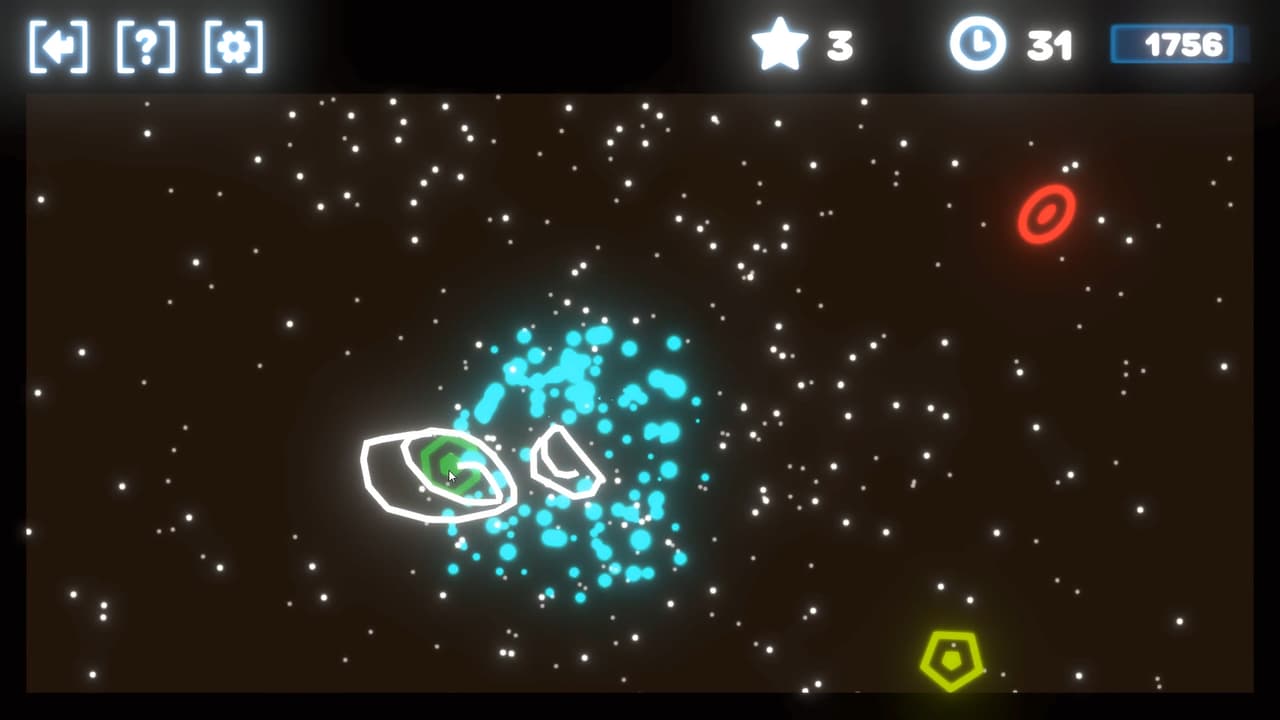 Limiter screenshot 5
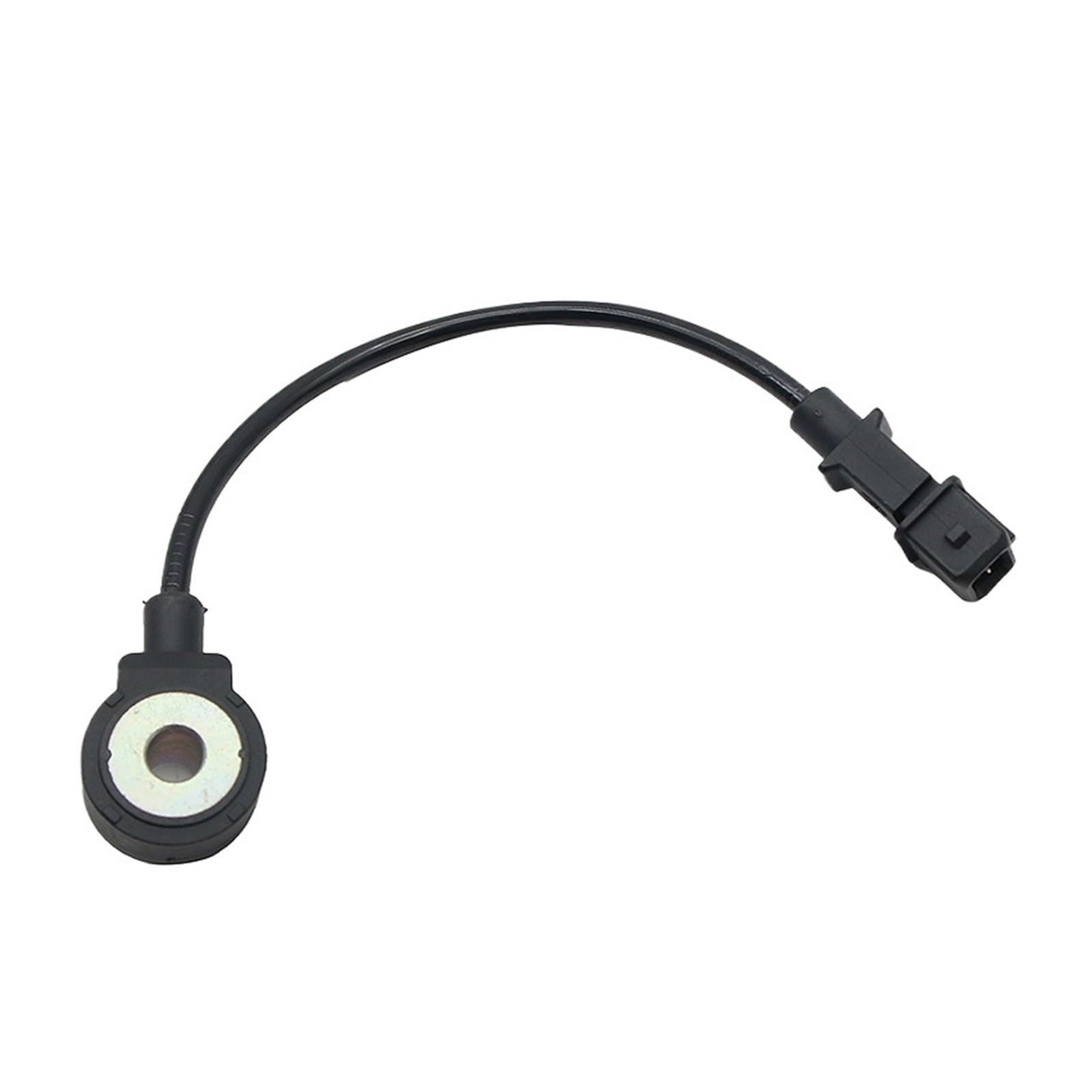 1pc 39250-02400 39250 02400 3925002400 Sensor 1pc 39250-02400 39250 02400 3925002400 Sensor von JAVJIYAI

* * *

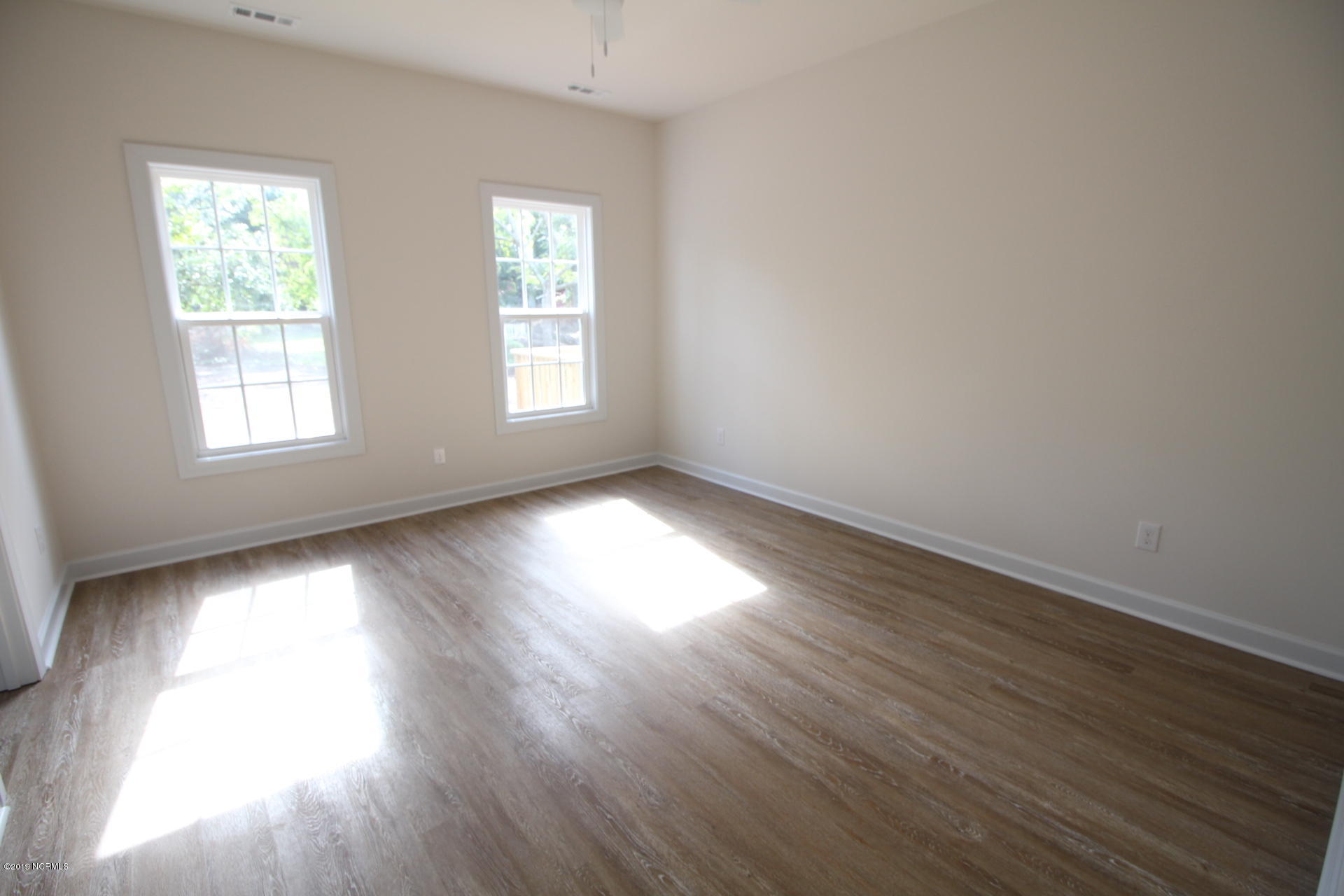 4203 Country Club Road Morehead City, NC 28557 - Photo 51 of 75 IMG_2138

---

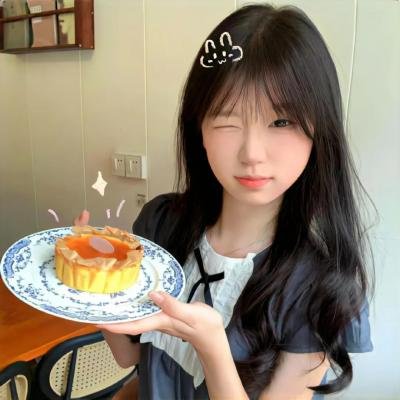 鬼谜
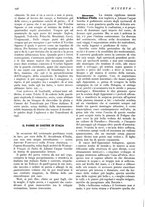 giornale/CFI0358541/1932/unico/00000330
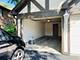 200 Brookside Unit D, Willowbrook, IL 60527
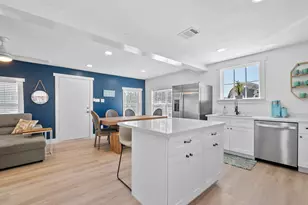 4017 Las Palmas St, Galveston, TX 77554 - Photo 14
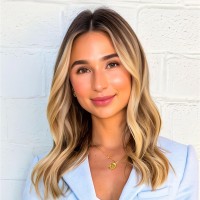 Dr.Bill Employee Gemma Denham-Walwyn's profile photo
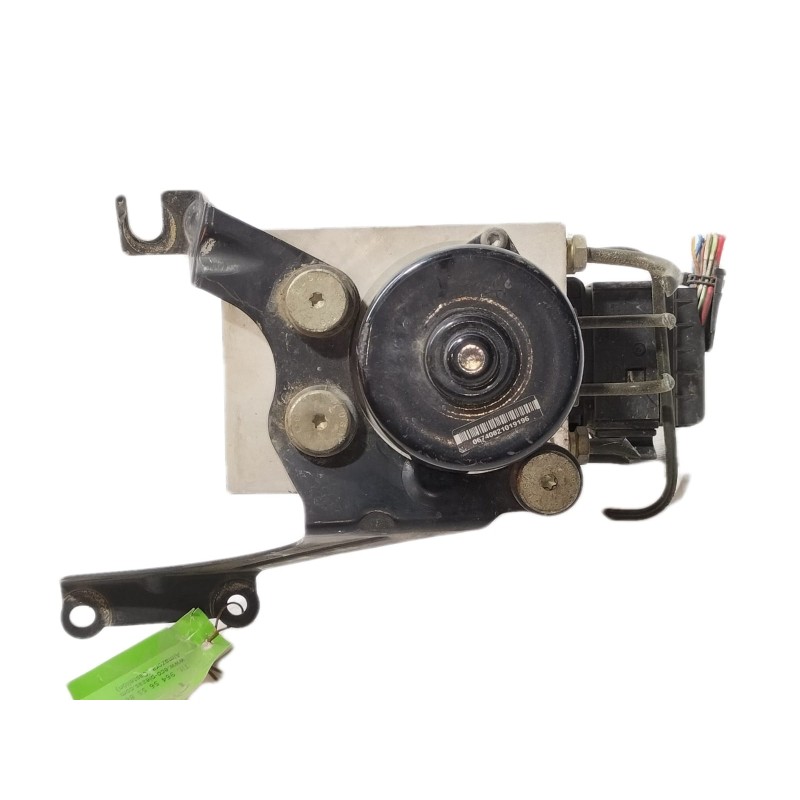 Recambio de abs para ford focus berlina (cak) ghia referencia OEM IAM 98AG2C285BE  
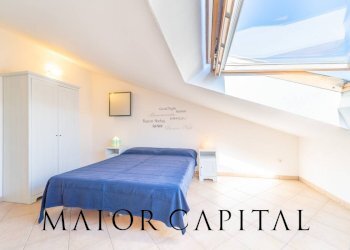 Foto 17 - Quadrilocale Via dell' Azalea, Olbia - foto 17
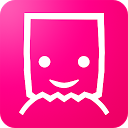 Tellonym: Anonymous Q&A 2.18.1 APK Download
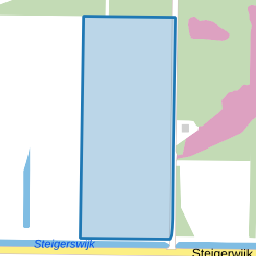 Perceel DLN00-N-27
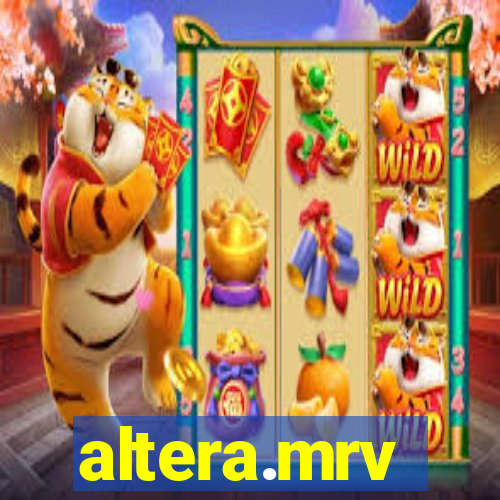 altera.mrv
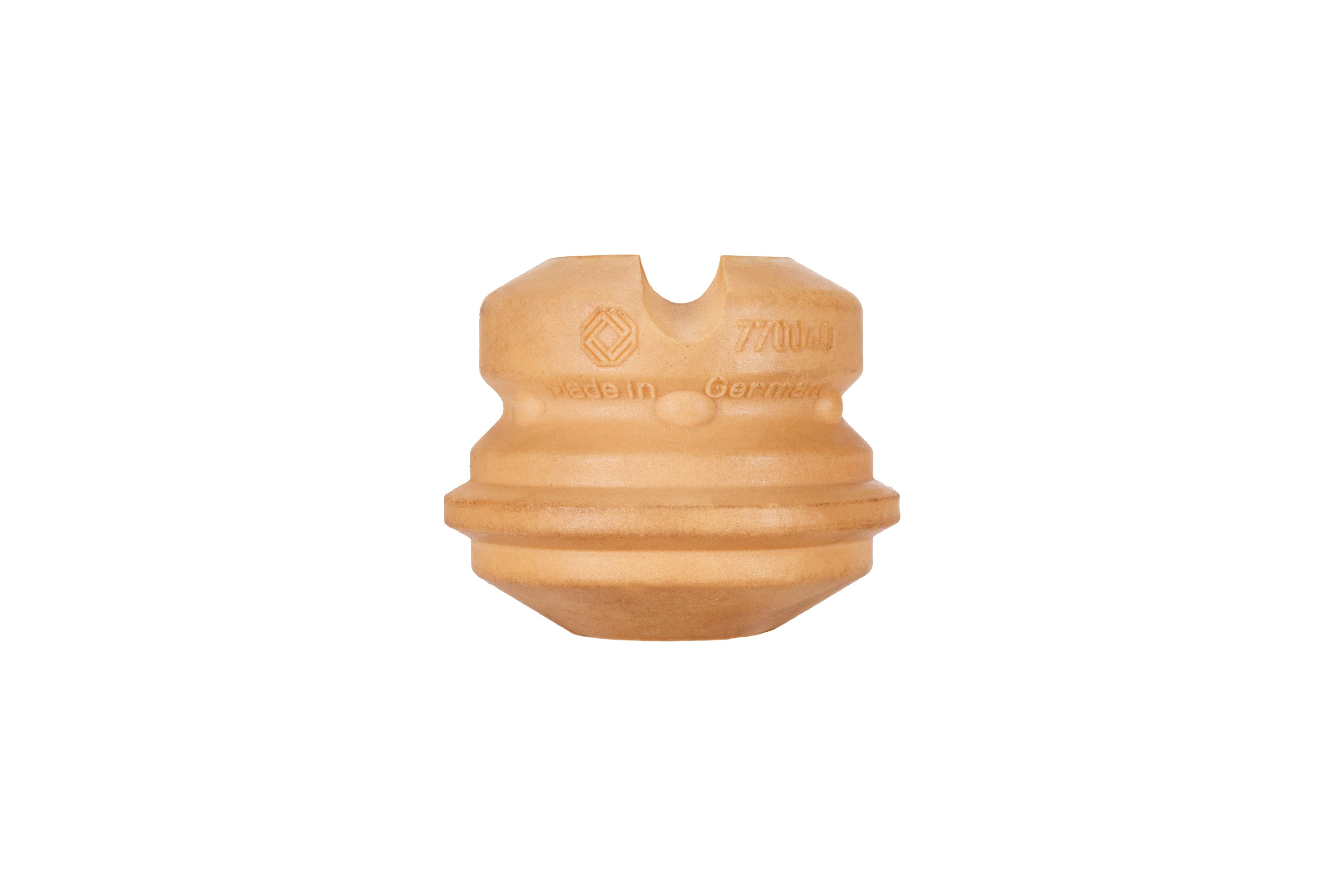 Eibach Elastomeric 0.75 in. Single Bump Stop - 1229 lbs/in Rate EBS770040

▸ What to produce: Which part of the entries opens with the line containing "Dr.Bill Employee Gemma" and closes with the line containing "Eibach Elastomeric 0.75"? Output that part exactly, ends included, pictures excluded.

▸ Result of this exercise:
 Dr.Bill Employee Gemma Denham-Walwyn's profile photo
 Recambio de abs para ford focus berlina (cak) ghia referencia OEM IAM 98AG2C285BE  
 Foto 17 - Quadrilocale Via dell' Azalea, Olbia - foto 17
 Tellonym: Anonymous Q&A 2.18.1 APK Download
 Perceel DLN00-N-27
 altera.mrv
 Eibach Elastomeric 0.75 in. Single Bump Stop - 1229 lbs/in Rate EBS770040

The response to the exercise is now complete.